» WHAT TO WORK ON: Copy the data that follows, exactly and completely.

» SUPPLIED DATA:
[Start of Attachment]

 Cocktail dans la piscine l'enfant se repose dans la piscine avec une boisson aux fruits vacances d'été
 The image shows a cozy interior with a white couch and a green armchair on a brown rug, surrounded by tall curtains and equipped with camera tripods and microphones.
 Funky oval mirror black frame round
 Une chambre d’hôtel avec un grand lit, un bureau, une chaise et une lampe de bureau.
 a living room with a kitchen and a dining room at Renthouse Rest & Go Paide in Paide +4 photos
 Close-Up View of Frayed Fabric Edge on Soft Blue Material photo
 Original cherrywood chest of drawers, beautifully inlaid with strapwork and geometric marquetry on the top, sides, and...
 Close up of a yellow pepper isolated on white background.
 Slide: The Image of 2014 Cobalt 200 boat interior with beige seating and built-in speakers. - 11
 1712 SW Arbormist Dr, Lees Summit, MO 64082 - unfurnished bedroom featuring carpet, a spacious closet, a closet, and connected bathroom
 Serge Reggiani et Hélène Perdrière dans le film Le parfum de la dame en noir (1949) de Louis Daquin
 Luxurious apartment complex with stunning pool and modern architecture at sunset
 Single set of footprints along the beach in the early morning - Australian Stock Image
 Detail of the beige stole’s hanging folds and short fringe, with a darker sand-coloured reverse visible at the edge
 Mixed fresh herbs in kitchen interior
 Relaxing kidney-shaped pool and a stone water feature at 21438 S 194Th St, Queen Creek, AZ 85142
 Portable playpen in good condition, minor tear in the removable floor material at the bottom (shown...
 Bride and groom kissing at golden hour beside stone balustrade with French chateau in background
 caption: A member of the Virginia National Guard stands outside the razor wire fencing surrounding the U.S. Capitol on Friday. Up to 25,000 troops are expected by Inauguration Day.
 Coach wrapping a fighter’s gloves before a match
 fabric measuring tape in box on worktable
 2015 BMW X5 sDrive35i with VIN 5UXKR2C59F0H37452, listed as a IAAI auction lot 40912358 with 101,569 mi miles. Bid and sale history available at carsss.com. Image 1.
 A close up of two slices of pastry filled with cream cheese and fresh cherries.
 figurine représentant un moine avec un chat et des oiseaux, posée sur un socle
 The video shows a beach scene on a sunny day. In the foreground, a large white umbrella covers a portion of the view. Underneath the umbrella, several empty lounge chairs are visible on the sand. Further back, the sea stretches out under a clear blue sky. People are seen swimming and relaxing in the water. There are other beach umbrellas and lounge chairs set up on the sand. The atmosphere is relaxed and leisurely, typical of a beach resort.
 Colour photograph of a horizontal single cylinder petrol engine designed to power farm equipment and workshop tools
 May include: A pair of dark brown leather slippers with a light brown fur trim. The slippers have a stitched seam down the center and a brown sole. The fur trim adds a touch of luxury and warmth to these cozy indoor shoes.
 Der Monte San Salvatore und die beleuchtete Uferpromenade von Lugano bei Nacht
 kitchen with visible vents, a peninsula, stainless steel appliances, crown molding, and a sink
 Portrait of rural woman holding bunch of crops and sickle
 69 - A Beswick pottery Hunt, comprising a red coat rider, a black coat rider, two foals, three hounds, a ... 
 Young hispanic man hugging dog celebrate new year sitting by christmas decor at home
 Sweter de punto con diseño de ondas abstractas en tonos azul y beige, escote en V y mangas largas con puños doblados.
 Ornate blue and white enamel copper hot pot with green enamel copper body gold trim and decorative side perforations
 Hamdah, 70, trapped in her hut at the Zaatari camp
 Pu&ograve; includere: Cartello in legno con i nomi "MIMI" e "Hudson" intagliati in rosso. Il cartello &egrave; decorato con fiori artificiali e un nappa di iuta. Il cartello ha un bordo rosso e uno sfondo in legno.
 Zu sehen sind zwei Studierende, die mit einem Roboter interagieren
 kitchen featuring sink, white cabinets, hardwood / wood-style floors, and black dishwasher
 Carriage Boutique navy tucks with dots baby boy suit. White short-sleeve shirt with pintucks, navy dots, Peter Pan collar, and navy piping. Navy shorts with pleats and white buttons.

[End of Attachment]

» REPLY:
 Cocktail dans la piscine l'enfant se repose dans la piscine avec une boisson aux fruits vacances d'été
 The image shows a cozy interior with a white couch and a green armchair on a brown rug, surrounded by tall curtains and equipped with camera tripods and microphones.
 Funky oval mirror black frame round
 Une chambre d’hôtel avec un grand lit, un bureau, une chaise et une lampe de bureau.
 a living room with a kitchen and a dining room at Renthouse Rest & Go Paide in Paide +4 photos
 Close-Up View of Frayed Fabric Edge on Soft Blue Material photo
 Original cherrywood chest of drawers, beautifully inlaid with strapwork and geometric marquetry on the top, sides, and...
 Close up of a yellow pepper isolated on white background.
 Slide: The Image of 2014 Cobalt 200 boat interior with beige seating and built-in speakers. - 11
 1712 SW Arbormist Dr, Lees Summit, MO 64082 - unfurnished bedroom featuring carpet, a spacious closet, a closet, and connected bathroom
 Serge Reggiani et Hélène Perdrière dans le film Le parfum de la dame en noir (1949) de Louis Daquin
 Luxurious apartment complex with stunning pool and modern architecture at sunset
 Single set of footprints along the beach in the early morning - Australian Stock Image
 Detail of the beige stole’s hanging folds and short fringe, with a darker sand-coloured reverse visible at the edge
 Mixed fresh herbs in kitchen interior
 Relaxing kidney-shaped pool and a stone water feature at 21438 S 194Th St, Queen Creek, AZ 85142
 Portable playpen in good condition, minor tear in the removable floor material at the bottom (shown...
 Bride and groom kissing at golden hour beside stone balustrade with French chateau in background
 caption: A member of the Virginia National Guard stands outside the razor wire fencing surrounding the U.S. Capitol on Friday. Up to 25,000 troops are expected by Inauguration Day.
 Coach wrapping a fighter’s gloves before a match
 fabric measuring tape in box on worktable
 2015 BMW X5 sDrive35i with VIN 5UXKR2C59F0H37452, listed as a IAAI auction lot 40912358 with 101,569 mi miles. Bid and sale history available at carsss.com. Image 1.
 A close up of two slices of pastry filled with cream cheese and fresh cherries.
 figurine représentant un moine avec un chat et des oiseaux, posée sur un socle
 The video shows a beach scene on a sunny day. In the foreground, a large white umbrella covers a portion of the view. Underneath the umbrella, several empty lounge chairs are visible on the sand. Further back, the sea stretches out under a clear blue sky. People are seen swimming and relaxing in the water. There are other beach umbrellas and lounge chairs set up on the sand. The atmosphere is relaxed and leisurely, typical of a beach resort.
 Colour photograph of a horizontal single cylinder petrol engine designed to power farm equipment and workshop tools
 May include: A pair of dark brown leather slippers with a light brown fur trim. The slippers have a stitched seam down the center and a brown sole. The fur trim adds a touch of luxury and warmth to these cozy indoor shoes.
 Der Monte San Salvatore und die beleuchtete Uferpromenade von Lugano bei Nacht
 kitchen with visible vents, a peninsula, stainless steel appliances, crown molding, and a sink
 Portrait of rural woman holding bunch of crops and sickle
 69 - A Beswick pottery Hunt, comprising a red coat rider, a black coat rider, two foals, three hounds, a ... 
 Young hispanic man hugging dog celebrate new year sitting by christmas decor at home
 Sweter de punto con diseño de ondas abstractas en tonos azul y beige, escote en V y mangas largas con puños doblados.
 Ornate blue and white enamel copper hot pot with green enamel copper body gold trim and decorative side perforations
 Hamdah, 70, trapped in her hut at the Zaatari camp
 Pu&ograve; includere: Cartello in legno con i nomi "MIMI" e "Hudson" intagliati in rosso. Il cartello &egrave; decorato con fiori artificiali e un nappa di iuta. Il cartello ha un bordo rosso e uno sfondo in legno.
 Zu sehen sind zwei Studierende, die mit einem Roboter interagieren
 kitchen featuring sink, white cabinets, hardwood / wood-style floors, and black dishwasher
 Carriage Boutique navy tucks with dots baby boy suit. White short-sleeve shirt with pintucks, navy dots, Peter Pan collar, and navy piping. Navy shorts with pleats and white buttons.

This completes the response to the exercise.